SUPPLIED RECORDS:
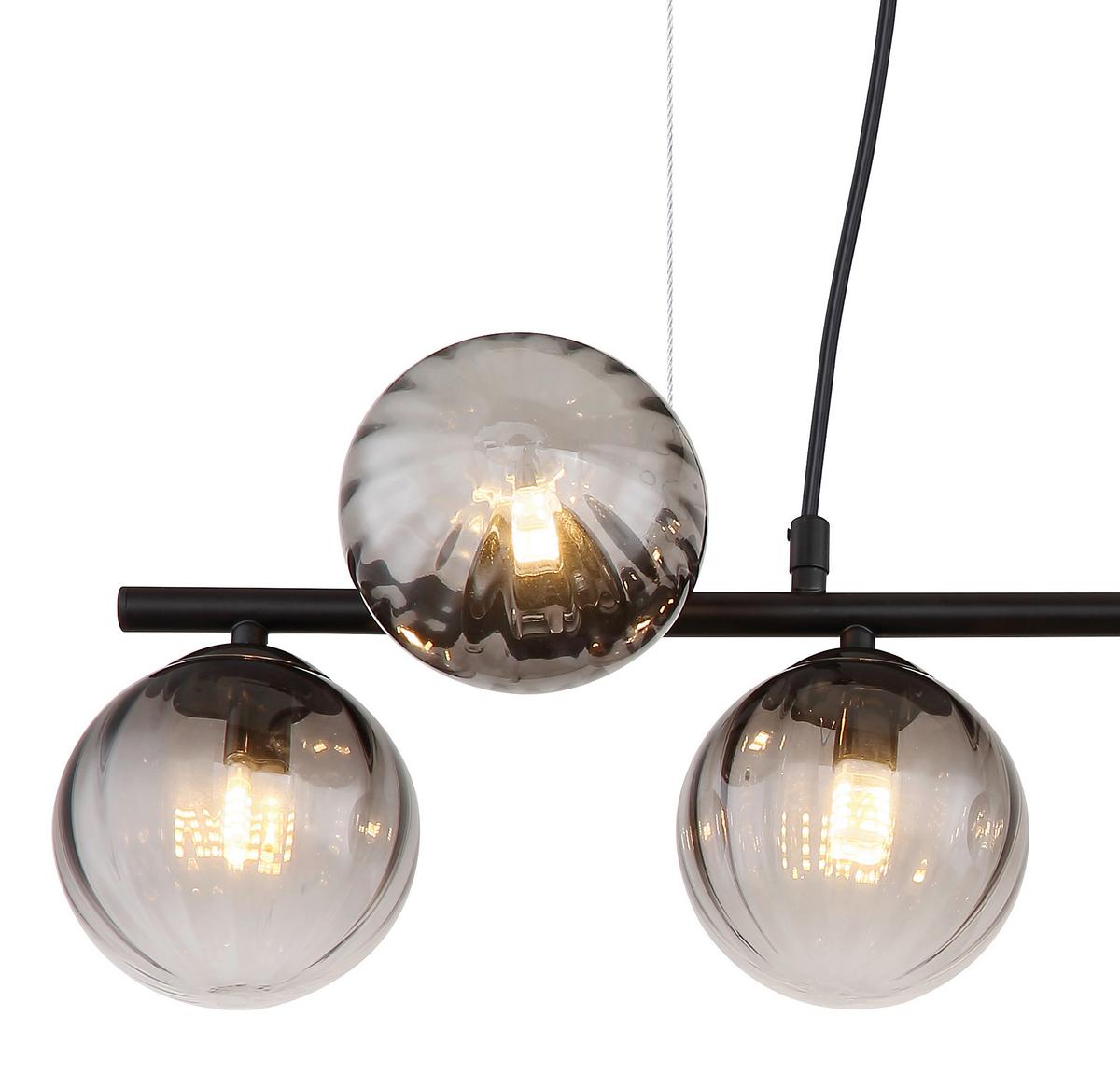 HÄNGELEUCHTE 15216-7H - Klar/Schwarz, Design, Glas/Kunststoff (95/28/120cm) - Globo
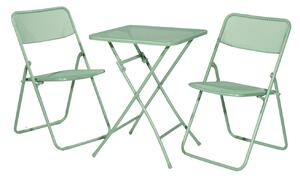 Set Tavolino e 2 Sedie Pieghevoli da Giardino in Metallo Manhattan Verde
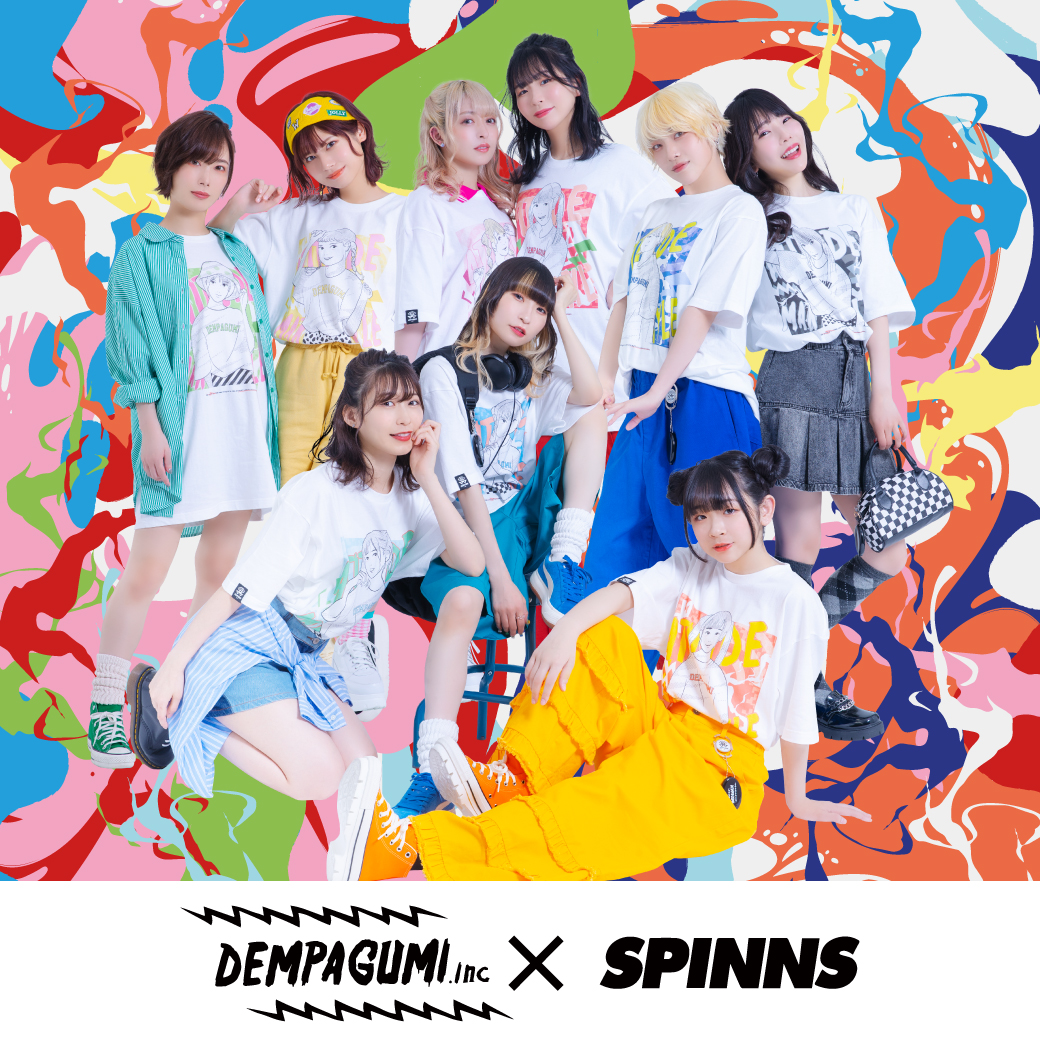 でんぱ組.incとのコラボレーションアイテム販売決定!新体制後第2弾はメンバーをストリート風に落とし込んだTシャツがメイン。2ショットチェキ撮影会も開催決定!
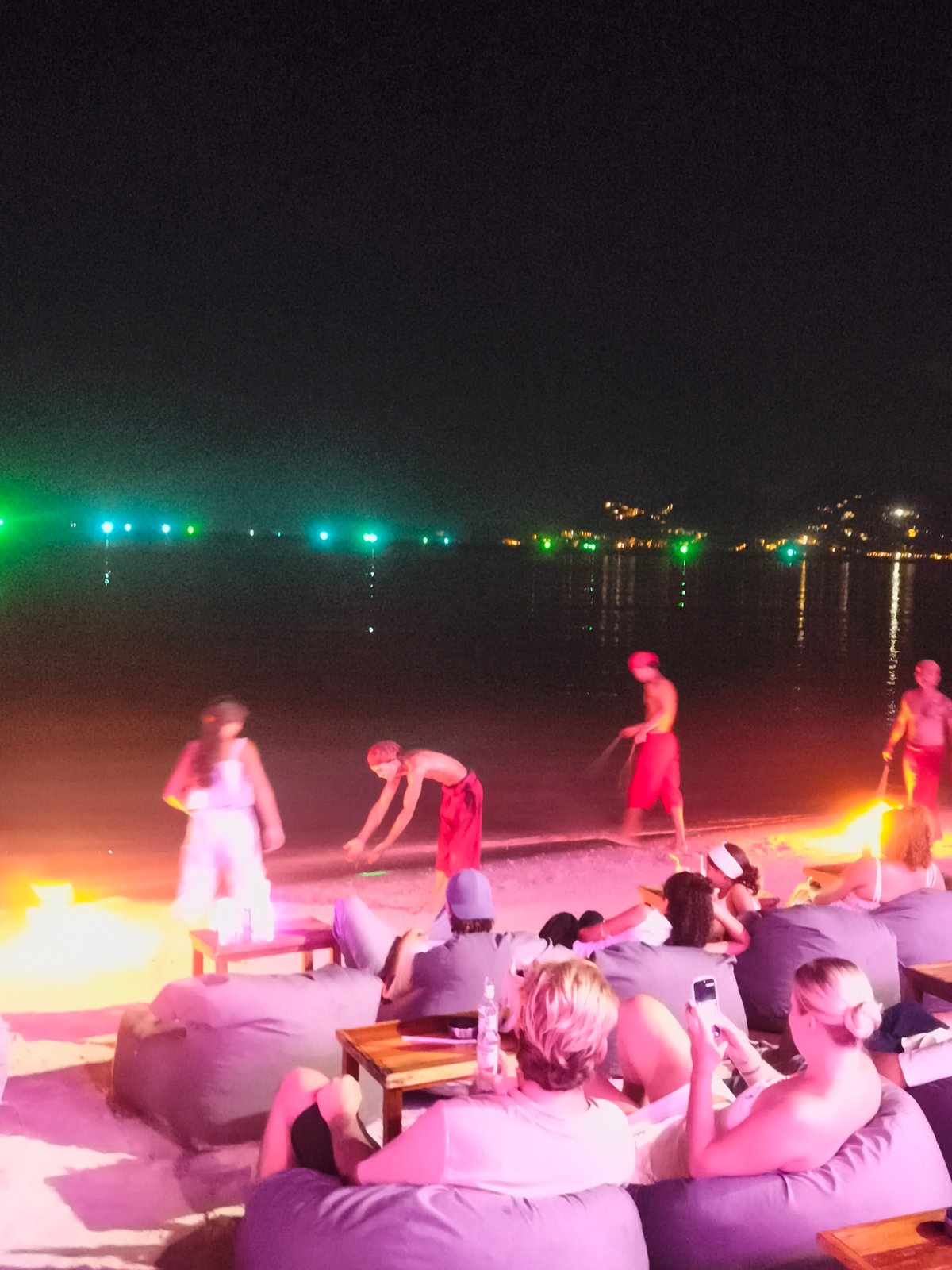 Fire dancing show lights up a Ko Samui beach night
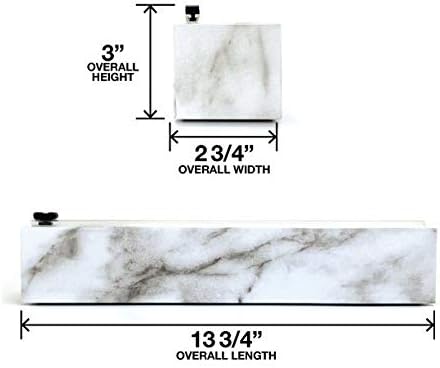 Chicwrap Carrara Marble Refillable Plastic Wrap Dispenser - One 12" x 250' Roll of Professional Grade Plastic Wrap - BPA Free and Kosher Certified - Reusable Dispenser w/Slide Cutter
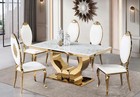 Brand New Kini 6 Piece Modern Dining Table Luxury Dining Room Table Decor Gold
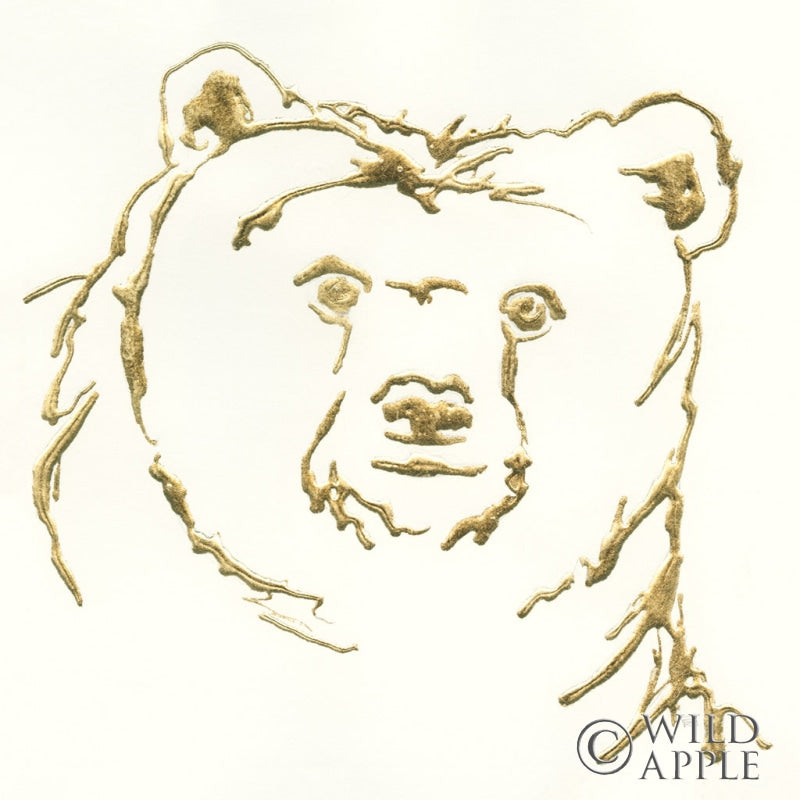 Reproduction of Gilded Brown Bear by Chris Paschke - Wall Decor Art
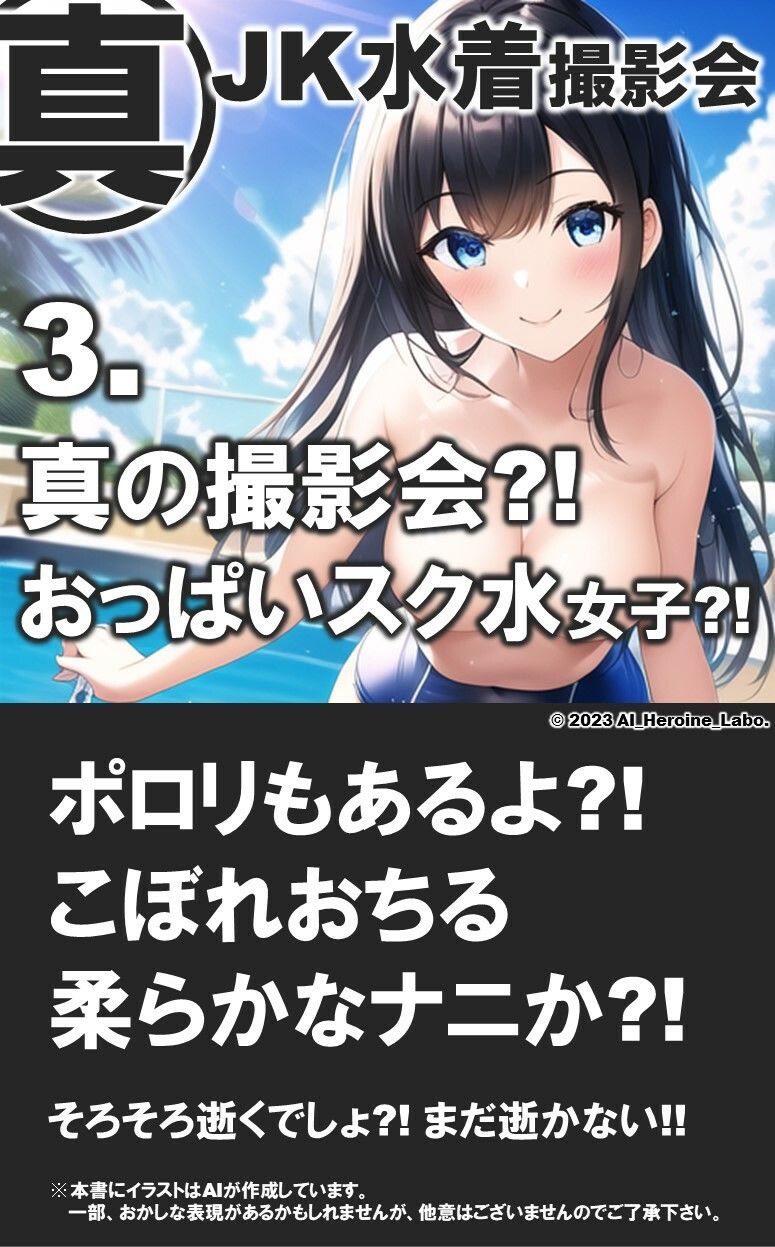 1つの呪文で生み出された100人のAI妄想美少女-14【ポロリもあるよ？！ JKスク水女子撮影会編】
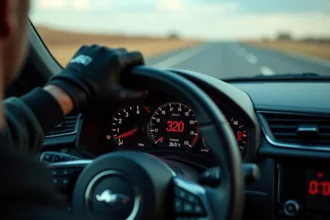 Tableau de bord de voiture de sport avec compteur de vitesse affichant 320 km/h équivalent à 200 mph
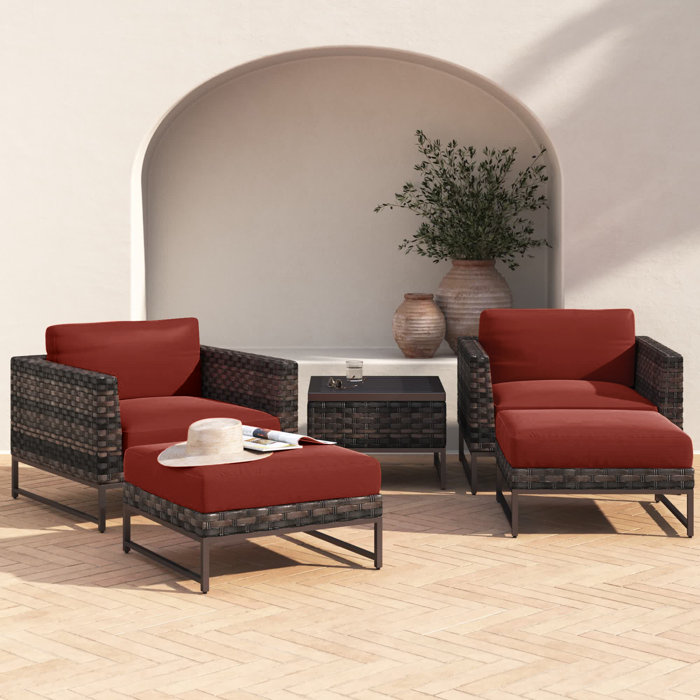 Joss and Main Nauvoo 5 Piece Seating Group with Cushions
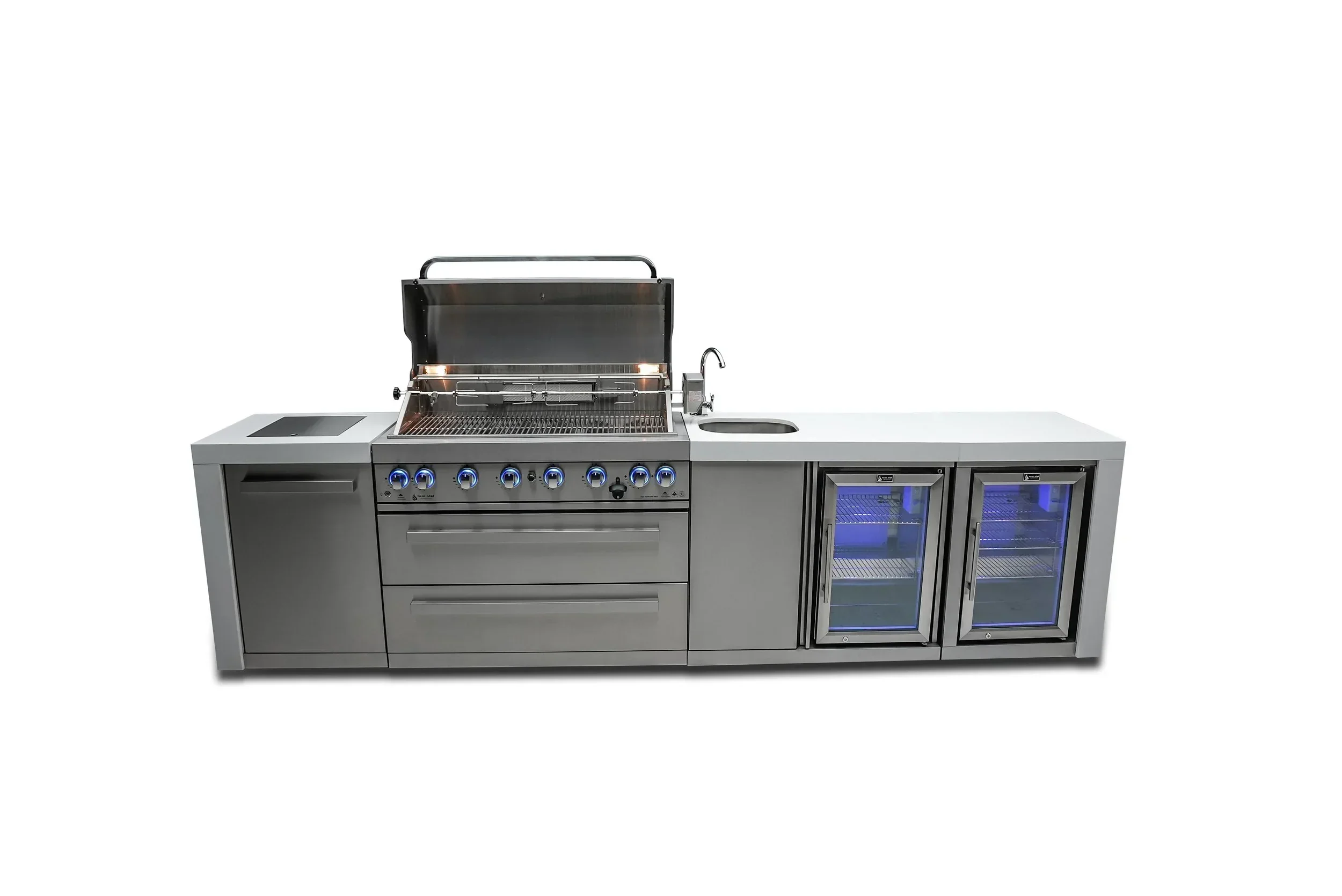 Mont Alpi Deluxe Series MAi805-DBEVFC - 11 Ft Propane Outdoor Kitchen Island w/ Side Burner, Beverage Center & Fridge - Image 3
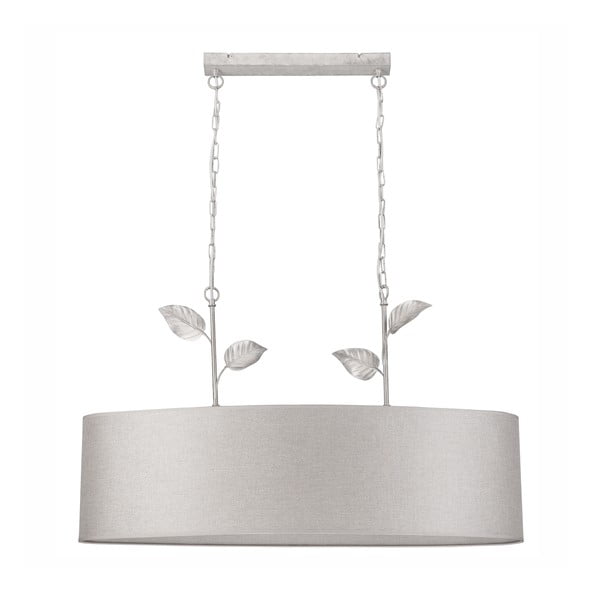 Viseča svetilka v sijajno srebrni barvi s tekstilnim senčnikom Noemi – LAMKUR
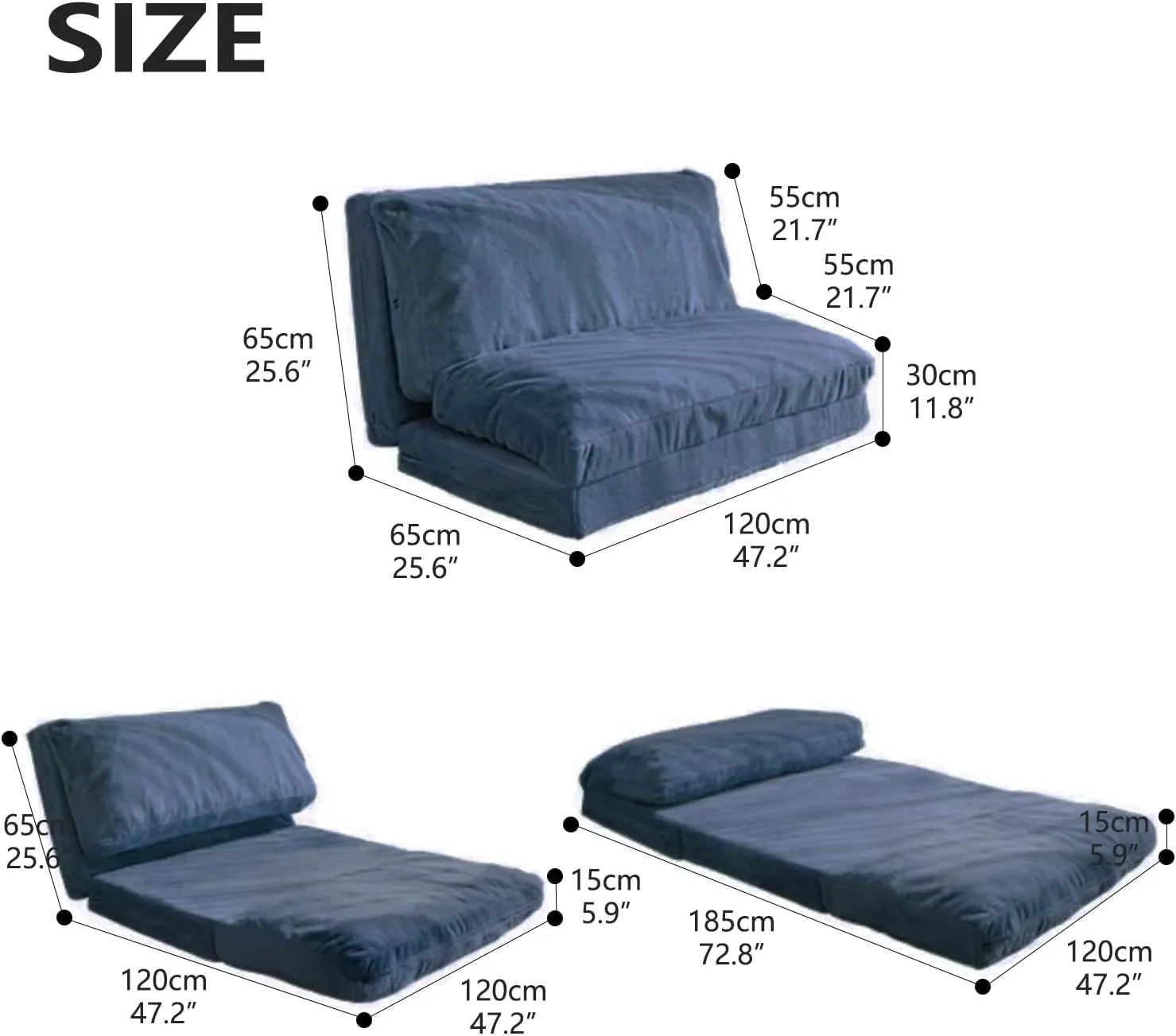 N&V Folding Matress Sofa Bean Bag Bed, Foam Filling Folding Matress Sofa, Includes Removable and Machine Washable Cover, Soft Premium Faux Fur (Medium, Blue)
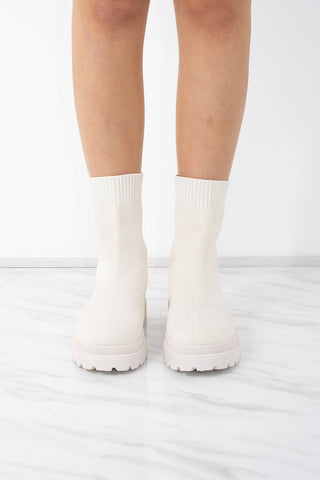 Cream Fabric Ribbed Ankle Sock Boot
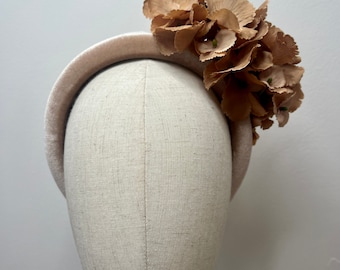 Beautiful Caramel Velvet Headband & Tan Hydrangea Petals Wedding Races KittyMay.online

WHAT THIS TASK INVOLVES: Every line from the one containing "Tableau de bord" to the final line of the records should be duplicated exactly; no picture is to be copied.

ANSWER TO THIS PROBLEM:
 Tableau de bord de voiture de sport avec compteur de vitesse affichant 320 km/h équivalent à 200 mph
 Joss and Main Nauvoo 5 Piece Seating Group with Cushions
 Mont Alpi Deluxe Series MAi805-DBEVFC - 11 Ft Propane Outdoor Kitchen Island w/ Side Burner, Beverage Center & Fridge - Image 3
 Viseča svetilka v sijajno srebrni barvi s tekstilnim senčnikom Noemi – LAMKUR
 N&V Folding Matress Sofa Bean Bag Bed, Foam Filling Folding Matress Sofa, Includes Removable and Machine Washable Cover, Soft Premium Faux Fur (Medium, Blue)
 Cream Fabric Ribbed Ankle Sock Boot
 Beautiful Caramel Velvet Headband & Tan Hydrangea Petals Wedding Races KittyMay.online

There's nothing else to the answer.